É curioso assistir a este drama logo após a reação violenta da crítica contra Vazante, da mesma diretora. O filme foi acusado de racismo em 2016, e a cineasta falhou ao tentar se defender durante o festival de Brasília. Acabou pedindo desculpas pelo filme num primeiro momento, e contra-atacando em seguida. Hoje, O Banquete poderia ser visto como uma caricatura desta mesma esquerda que a atacou, e à qual sempre fez parte (vide os belos O Primeiro Dia e Linha de Passe) – se não fosse pelo fato de o projeto ter nascido antes de toda a polêmica. No entanto, os temas são tão amplos que se prestam a diversas leituras sintomáticas como esta.
A cineasta pretende se colar a um momento histórico preciso: os anos Collor, durante a “lei da imprensa” que trataria os artigos contrários ao governo como motivos legais de prisão. Este recorte possibilita ao filme fugir à histeria antipetista contemporânea e refletir sobre os efeitos da direita no poder, pertinentes à gestão Temer e às eleições iminentes em 2018. No entanto, para além de algumas sugestões vagas (um poderoso homem ao telefone tem o sobrenome Neves), a narrativa se limita ao mal-estar da classe artística e jornalística contra regimes opressivos, sem sugerir ideias sobre a origem dos conflitos, nem alternativas para a superação dos mesmos.
Por fim, resta a evidente diversão do elenco em se digladiar. Os atores abraçam seus personagens com ferocidade quase incontrolada pela direção: Drica Moraes é excelente, mas corre o risco de passar da conta rumo ao final. Bruna Linzmeyer se sai bem na caricatura da jovem sedutora, Caco Ciocler está muitos graus acima do realismo desde a primeira cena, Mariana Lima se entrega numa composição à beira do desespero. Avesso a sutilezas, o texto proporciona uma sucessão de catarses deliciosas para qualquer ator, ainda que soem lineares demais ao espectador ao evitarem transformações reais nos personagens.

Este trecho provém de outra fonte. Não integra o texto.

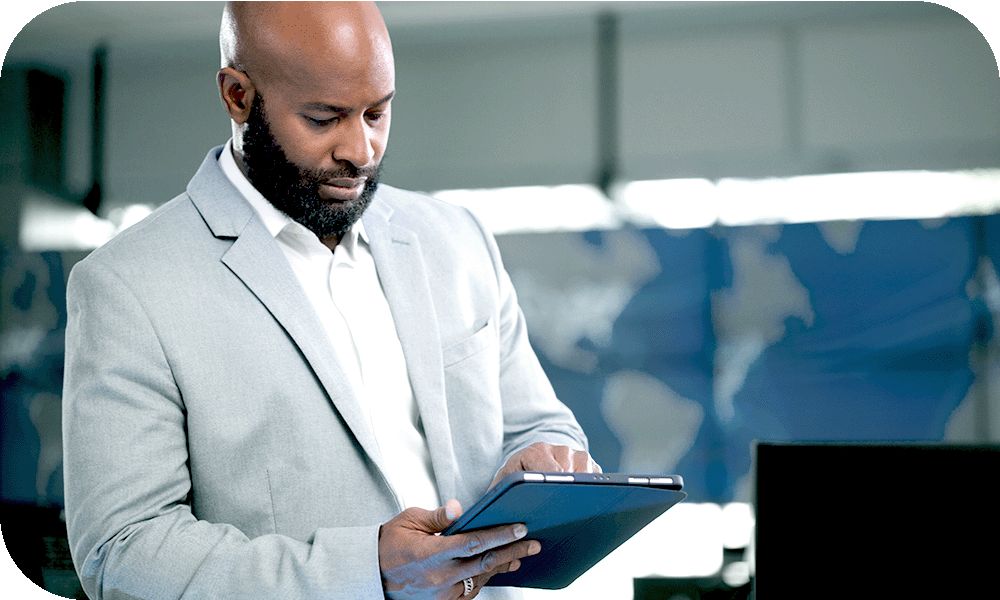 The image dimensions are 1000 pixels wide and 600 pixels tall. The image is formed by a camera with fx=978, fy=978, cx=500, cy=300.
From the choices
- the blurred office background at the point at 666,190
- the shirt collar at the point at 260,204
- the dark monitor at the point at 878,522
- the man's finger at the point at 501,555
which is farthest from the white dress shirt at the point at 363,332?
the blurred office background at the point at 666,190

O subgênero da burguesia guerreando num espaço fechado (Quem Tem Medo de Virginia Woolf?, Deus da Carnificina, O Jantar) é essencialmente baseado na gradação: o conflito minúsculo que se torna cada vez mais forte, até a explosão. No entanto, O Banquete investe na agressão mútua desde os primeiros minutos, tornando o ritmo repetitivo, aborrecido. Apesar de a narrativa sugerir a concretização das ameaças desde o início, nem a carnificina nem o sexo oferecem o gozo prometido. Assim, a história é obrigada a se concluir de modo abrupto, suspendendo o espetáculo por falta de combatividade dos lutadores.
O filme se encerra com a constatação da nossa incivilidade contemporânea. Os atos se tornam inconsequentes, o que retira a sensação de suspense e urgência: todos já fizeram sexo com todos, e isso não parece constituir um problema; Mauro não parece correr risco real de ser preso pelo artigo contra Collor. Thomas oferece um olhar panorâmico sobre arquétipos relevantes, enquanto aborda o sexo de maneira despudorada e permite alguns (raros) silêncios para enriquecer a narrativa. No entanto, o valor deste mecanismo se encontra mais no fato de essas pessoas discursarem livremente do que no conteúdo de suas falas. No fim das contas, o que têm a dizer é pouco mais do que o desabafo de um grupo de amigos alcoolizados.